Концептуально подобным образом читатель, не доверяющий инновационности по причине невозможности апроприировать ее культурный и символический капитал, отдает предпочтение редуцированной, очищенной от инновационности практике, способной имитировать его принадлежность к области функционирования актуальных стратегий (а следовательно, повысить социальный статус) и одновременно предложить идеологически позитивную интерпретацию взамен операции деконструкции. Для такого читателя постмодернизм означает «эпистемологическую неуверенность» человека, он не в состоянии ни принимать, ни отрицать что-либо окончательно, поэтому не приемлет иронии над собой, а нуждается в позитивной идеологии 593. В то время как все, что делает Пелевин, «буквально и по духу укладывается в ортодоксальную традицию Махаяны. Так что под видом безобидных маленьких рассказов он на самом деле преподносит нам обычный для этой религии жанр пропедевтики» (Корнев 1997: 249). Корнев полагает целью этой практики — деконструкцию внешнего мира, всех социальных норм и предрассудков, и прежде всего всех конкурирующих идеологий и религиозных догматов. Однако деконструкция внешнего мира, осуществляемая вместе с деконструкцией постмодернистской практики (уже деконструировавшей социальные нормы и предрассудки), оборачивается легитимацией структуры, деконструированной постмодернизмом, и восстановлением ее репрессированной ценности.

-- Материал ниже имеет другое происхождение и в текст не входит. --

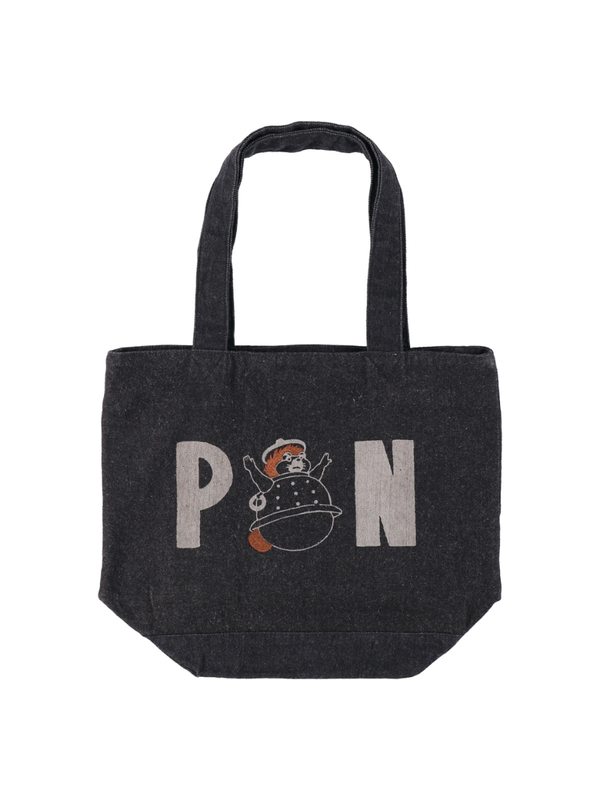 Pom Poko Shokichi Black Denim Tote Bag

Институциональная слабость субполя актуального искусства провоцирует переход в пространство более институционализированное, где инерция ожидания позитивной идеологии и восстановление в правах репрессированной в постмодернизме реальности настолько велика 594, что в качестве паллиатива реальности принимается и буддистское безразличие, и архаический вселенский пессимизм, потому что они идеологичны, то есть способны быть истолкованы в качестве объясняющей системы. В. Курицын, идентифицируя практику Пелевина не как воссоздание искусственной, виртуальной реальности, свойственной постмодернизму, а как отсутствие деления реальностей на истинные и иллюзорные, ввиду того, что всякая реальность так или иначе симулятивна, утверждает, что «буддистский тезис „мир только мое впечатление“ смыкается здесь с постмодернистским тезисом „мир дан только как описание мира, как тот или иной способ судить о нем“» (Курицын 1998b: 16). Однако более точно было бы сказать, что буддистский тезис не смыкается с постмодернистским, а редуцирует и поглощает его, возвращая идеологическое измерение тому, что было подвергнуто операции деконструкции в постмодернизме. Поэтому героев Пелевина «больше интересуют идеи и тактильные приключения. Этот мир способен подарить миллион способов смотреть на него, видеть его <…>. Даже мертвые и подлежащие смерти вещи ведут себя в прозе Пелевина празднично <…>: меняют очертания, купаются в ракурсах, источают запахи и цвета, кишат органикой — налет буддистского безразличия помогает даже к сценам разложения мертвых насекомых относиться не с отвращением, а с интересом» (Курицын 1998b: 17). И трудно не согласиться с тем, что даже в памятниках советского агитпропа, в которых старшие постмодернисты фиксировали самодостаточную уникальную текстуальность, Пелевин обнаруживает «волшебное мерцание форм», возвращая себе право на пластичность и идеологичность в обмен на отказ от радикальности, лишенной способности присваивать символический капитал в том поле культуры, в котором инерция ожидания инновационного импульса истощена.